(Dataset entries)
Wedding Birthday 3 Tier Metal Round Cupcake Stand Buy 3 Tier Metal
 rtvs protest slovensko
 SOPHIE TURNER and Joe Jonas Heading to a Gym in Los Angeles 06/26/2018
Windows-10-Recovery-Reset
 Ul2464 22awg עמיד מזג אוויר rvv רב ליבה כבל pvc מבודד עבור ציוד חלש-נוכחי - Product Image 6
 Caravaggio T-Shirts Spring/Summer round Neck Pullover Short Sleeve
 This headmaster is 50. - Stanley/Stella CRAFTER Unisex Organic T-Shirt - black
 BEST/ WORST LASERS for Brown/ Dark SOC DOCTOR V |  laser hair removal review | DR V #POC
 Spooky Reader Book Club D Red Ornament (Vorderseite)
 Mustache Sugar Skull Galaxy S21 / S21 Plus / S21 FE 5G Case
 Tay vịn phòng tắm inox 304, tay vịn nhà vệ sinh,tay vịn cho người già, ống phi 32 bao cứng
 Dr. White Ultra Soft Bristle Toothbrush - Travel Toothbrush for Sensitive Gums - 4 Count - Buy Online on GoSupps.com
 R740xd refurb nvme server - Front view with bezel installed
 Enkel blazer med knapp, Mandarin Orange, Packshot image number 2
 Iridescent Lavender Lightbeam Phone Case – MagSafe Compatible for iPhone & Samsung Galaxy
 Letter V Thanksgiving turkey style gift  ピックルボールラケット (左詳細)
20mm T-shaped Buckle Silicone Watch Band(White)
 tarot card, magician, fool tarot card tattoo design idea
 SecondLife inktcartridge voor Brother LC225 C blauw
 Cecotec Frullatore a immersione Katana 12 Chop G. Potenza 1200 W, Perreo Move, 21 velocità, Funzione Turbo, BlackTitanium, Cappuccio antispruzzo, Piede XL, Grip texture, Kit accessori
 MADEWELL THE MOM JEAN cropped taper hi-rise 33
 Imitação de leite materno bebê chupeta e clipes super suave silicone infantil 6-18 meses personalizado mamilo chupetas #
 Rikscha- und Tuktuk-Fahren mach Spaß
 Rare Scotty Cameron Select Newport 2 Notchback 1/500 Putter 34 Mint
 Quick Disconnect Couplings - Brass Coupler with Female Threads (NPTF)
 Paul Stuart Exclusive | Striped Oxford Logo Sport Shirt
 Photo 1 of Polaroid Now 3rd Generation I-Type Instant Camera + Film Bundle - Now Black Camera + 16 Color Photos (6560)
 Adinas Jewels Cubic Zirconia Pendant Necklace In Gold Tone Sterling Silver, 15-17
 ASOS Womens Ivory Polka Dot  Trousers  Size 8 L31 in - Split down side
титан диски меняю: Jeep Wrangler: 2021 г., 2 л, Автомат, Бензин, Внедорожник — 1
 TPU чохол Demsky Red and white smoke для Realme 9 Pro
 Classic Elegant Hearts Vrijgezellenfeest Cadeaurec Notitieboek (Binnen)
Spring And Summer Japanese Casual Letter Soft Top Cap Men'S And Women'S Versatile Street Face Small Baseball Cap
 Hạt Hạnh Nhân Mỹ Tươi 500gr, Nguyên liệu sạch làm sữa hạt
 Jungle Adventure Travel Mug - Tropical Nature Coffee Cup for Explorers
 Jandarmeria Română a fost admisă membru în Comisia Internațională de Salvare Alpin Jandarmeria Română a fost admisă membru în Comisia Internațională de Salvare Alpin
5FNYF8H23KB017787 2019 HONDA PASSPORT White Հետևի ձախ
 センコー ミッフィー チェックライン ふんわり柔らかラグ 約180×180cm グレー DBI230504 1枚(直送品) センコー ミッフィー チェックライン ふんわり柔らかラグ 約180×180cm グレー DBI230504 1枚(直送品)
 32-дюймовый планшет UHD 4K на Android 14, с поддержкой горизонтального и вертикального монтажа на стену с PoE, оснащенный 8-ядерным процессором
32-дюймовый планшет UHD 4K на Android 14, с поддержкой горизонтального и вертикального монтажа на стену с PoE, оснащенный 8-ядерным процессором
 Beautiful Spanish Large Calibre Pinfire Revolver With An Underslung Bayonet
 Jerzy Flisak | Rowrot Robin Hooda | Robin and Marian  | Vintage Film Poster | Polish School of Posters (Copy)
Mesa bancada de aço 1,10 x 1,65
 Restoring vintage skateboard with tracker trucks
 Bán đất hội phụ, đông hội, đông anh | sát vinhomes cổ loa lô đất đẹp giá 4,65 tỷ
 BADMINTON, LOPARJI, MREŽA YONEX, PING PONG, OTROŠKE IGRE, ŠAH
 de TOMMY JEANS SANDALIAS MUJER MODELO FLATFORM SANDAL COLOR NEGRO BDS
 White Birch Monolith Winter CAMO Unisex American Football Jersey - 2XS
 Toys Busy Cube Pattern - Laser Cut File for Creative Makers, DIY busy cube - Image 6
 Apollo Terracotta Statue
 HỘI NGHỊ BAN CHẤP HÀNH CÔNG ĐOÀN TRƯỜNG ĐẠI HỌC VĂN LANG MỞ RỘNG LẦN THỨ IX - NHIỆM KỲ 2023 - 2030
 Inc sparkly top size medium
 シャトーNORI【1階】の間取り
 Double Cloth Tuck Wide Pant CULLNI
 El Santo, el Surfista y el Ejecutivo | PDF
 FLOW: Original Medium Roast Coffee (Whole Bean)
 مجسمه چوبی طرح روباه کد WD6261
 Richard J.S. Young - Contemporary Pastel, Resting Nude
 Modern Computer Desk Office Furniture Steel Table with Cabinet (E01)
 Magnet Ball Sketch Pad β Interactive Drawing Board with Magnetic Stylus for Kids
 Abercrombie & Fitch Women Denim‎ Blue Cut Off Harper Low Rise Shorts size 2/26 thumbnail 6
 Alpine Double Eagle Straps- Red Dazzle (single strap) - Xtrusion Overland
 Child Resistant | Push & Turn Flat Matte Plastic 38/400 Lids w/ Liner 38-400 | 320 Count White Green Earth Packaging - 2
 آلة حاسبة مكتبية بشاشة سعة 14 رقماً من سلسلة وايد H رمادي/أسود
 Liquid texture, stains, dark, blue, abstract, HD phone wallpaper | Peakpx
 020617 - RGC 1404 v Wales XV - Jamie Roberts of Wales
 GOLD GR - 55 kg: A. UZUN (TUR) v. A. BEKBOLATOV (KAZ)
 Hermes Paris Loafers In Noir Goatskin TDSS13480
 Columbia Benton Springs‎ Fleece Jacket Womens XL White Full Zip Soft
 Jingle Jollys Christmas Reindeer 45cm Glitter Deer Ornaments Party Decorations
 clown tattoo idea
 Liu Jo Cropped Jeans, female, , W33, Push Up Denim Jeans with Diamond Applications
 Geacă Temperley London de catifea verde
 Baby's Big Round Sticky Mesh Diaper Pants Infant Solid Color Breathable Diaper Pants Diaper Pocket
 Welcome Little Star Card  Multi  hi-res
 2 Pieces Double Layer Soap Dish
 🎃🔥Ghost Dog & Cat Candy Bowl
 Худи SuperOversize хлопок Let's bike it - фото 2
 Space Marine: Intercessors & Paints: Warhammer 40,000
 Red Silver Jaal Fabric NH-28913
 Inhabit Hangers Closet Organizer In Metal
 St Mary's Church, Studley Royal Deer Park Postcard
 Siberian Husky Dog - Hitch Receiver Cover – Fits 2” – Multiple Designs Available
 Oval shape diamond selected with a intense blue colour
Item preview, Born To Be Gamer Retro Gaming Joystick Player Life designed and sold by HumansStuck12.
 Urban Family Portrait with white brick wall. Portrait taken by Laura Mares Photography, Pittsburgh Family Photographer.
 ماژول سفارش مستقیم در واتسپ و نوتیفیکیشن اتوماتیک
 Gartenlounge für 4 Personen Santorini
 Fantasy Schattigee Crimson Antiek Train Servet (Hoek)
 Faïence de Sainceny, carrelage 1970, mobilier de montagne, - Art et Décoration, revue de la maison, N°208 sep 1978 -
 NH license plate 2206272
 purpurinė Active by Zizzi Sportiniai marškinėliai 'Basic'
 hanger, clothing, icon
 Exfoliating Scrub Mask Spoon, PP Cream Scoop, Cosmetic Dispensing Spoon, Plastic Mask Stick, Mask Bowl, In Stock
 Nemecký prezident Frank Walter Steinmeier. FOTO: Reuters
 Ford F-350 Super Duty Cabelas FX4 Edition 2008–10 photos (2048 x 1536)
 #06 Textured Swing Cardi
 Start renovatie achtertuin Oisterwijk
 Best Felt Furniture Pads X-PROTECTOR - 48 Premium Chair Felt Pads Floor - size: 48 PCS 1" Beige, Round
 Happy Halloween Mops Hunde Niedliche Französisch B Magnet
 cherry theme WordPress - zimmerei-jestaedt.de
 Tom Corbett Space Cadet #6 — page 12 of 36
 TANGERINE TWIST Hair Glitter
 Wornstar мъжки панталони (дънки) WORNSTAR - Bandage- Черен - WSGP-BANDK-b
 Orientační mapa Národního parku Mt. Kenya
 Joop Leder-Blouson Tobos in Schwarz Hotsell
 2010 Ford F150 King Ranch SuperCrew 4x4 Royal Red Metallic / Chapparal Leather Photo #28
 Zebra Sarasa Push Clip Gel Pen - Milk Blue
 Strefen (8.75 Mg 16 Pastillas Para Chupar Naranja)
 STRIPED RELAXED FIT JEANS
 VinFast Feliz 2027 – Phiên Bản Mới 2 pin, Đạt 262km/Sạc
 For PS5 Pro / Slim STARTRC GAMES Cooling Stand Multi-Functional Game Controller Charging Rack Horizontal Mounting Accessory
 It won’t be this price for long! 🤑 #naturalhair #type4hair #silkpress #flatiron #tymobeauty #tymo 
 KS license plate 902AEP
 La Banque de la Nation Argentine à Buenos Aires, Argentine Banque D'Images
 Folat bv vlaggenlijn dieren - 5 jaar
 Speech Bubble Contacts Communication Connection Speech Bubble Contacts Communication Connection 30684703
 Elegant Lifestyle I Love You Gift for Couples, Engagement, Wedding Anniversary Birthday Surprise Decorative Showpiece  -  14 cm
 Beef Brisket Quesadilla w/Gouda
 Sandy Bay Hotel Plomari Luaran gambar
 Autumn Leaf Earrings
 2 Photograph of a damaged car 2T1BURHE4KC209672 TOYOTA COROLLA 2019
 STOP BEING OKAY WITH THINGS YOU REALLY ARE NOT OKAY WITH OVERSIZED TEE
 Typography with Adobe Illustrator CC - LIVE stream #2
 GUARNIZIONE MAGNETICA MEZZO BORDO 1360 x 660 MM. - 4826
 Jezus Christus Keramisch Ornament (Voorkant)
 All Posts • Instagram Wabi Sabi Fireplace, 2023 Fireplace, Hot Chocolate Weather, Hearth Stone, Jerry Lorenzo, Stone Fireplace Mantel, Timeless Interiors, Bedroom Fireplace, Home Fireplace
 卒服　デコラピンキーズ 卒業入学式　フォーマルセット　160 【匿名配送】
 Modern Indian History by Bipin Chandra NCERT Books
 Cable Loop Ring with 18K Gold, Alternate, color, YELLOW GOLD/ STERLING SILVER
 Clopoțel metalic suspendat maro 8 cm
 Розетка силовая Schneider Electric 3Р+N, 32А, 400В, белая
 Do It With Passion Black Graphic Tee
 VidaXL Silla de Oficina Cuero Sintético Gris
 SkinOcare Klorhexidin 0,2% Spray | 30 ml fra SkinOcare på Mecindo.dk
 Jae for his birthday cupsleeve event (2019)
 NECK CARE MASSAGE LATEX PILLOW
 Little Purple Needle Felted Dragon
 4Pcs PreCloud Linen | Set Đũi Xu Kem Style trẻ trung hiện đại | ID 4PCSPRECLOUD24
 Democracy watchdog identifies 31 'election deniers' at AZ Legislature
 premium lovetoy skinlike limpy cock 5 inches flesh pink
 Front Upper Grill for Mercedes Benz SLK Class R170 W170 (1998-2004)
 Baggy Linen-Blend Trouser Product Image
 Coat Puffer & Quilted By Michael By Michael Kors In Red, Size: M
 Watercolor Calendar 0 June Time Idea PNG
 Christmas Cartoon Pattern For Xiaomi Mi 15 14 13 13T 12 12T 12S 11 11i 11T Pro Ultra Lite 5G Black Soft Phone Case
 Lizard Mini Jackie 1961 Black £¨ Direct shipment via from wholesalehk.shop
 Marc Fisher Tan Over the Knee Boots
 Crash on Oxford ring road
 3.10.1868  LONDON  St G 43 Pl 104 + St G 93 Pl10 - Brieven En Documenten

WHAT YOU SHOULD DO
Using the data above, repeat exactly the lines that begin at the line with "Typography with Adobe" and end at the line with "Little Purple Needle Felted Dragon", both ends included.

EXERCISE ANSWER
 Typography with Adobe Illustrator CC - LIVE stream #2
 GUARNIZIONE MAGNETICA MEZZO BORDO 1360 x 660 MM. - 4826
 Jezus Christus Keramisch Ornament (Voorkant)
 All Posts • Instagram Wabi Sabi Fireplace, 2023 Fireplace, Hot Chocolate Weather, Hearth Stone, Jerry Lorenzo, Stone Fireplace Mantel, Timeless Interiors, Bedroom Fireplace, Home Fireplace
 卒服　デコラピンキーズ 卒業入学式　フォーマルセット　160 【匿名配送】
 Modern Indian History by Bipin Chandra NCERT Books
 Cable Loop Ring with 18K Gold, Alternate, color, YELLOW GOLD/ STERLING SILVER
 Clopoțel metalic suspendat maro 8 cm
 Розетка силовая Schneider Electric 3Р+N, 32А, 400В, белая
 Do It With Passion Black Graphic Tee
 VidaXL Silla de Oficina Cuero Sintético Gris
 SkinOcare Klorhexidin 0,2% Spray | 30 ml fra SkinOcare på Mecindo.dk
 Jae for his birthday cupsleeve event (2019)
 NECK CARE MASSAGE LATEX PILLOW
 Little Purple Needle Felted Dragon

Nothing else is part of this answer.